START Records shown

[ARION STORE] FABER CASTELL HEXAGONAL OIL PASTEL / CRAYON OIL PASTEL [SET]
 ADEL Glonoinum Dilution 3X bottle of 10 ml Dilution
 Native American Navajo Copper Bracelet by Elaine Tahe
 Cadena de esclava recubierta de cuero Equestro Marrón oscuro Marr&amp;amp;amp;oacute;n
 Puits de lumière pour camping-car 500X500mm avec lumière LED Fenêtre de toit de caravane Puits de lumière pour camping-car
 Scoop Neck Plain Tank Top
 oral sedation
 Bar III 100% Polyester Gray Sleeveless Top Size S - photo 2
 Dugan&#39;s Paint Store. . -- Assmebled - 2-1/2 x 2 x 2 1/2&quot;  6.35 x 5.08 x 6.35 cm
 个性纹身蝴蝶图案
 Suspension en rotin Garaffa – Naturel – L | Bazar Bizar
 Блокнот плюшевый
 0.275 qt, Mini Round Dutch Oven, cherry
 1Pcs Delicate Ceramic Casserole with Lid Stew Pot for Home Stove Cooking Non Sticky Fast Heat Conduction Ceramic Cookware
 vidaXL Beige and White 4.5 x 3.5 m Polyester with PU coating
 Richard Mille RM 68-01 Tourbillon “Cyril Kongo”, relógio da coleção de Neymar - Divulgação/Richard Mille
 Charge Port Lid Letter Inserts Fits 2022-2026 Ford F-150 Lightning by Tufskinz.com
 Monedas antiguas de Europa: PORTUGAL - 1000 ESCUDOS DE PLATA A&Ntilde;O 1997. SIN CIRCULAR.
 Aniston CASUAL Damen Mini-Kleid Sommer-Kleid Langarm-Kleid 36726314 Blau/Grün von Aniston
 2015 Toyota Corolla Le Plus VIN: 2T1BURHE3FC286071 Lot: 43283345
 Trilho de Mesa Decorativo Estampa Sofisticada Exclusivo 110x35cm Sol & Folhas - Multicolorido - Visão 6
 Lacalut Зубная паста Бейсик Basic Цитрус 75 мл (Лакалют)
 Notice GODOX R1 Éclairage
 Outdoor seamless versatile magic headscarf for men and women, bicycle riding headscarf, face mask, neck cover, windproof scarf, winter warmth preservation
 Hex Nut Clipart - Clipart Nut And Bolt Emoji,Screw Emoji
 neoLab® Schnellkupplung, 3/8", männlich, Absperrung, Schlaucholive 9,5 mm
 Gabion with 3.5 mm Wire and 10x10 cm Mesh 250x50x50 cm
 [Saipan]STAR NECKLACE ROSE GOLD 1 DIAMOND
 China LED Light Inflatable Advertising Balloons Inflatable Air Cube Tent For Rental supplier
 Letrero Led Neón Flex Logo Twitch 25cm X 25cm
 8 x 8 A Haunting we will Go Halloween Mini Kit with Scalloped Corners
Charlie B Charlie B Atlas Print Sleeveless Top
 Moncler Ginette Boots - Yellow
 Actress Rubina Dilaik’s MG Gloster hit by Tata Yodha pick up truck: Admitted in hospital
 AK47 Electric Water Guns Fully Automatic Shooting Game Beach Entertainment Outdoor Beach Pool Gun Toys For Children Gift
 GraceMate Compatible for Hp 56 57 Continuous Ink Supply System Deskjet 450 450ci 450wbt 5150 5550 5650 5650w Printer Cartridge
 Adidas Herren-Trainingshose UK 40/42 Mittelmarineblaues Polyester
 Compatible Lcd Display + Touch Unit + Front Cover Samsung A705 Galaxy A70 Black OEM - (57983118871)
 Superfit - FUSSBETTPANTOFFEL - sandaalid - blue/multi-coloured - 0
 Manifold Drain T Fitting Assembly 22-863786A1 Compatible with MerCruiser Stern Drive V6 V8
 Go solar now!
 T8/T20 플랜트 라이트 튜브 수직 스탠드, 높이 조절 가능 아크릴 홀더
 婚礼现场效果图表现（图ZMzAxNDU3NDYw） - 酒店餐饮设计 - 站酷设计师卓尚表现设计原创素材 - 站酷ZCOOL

END Records shown

▸ Your instructions: Where the word "Compatible" occurs in a line of the records, copy that line.

▸ Response:
 GraceMate Compatible for Hp 56 57 Continuous Ink Supply System Deskjet 450 450ci 450wbt 5150 5550 5650 5650w Printer Cartridge
 Compatible Lcd Display + Touch Unit + Front Cover Samsung A705 Galaxy A70 Black OEM - (57983118871)
 Manifold Drain T Fitting Assembly 22-863786A1 Compatible with MerCruiser Stern Drive V6 V8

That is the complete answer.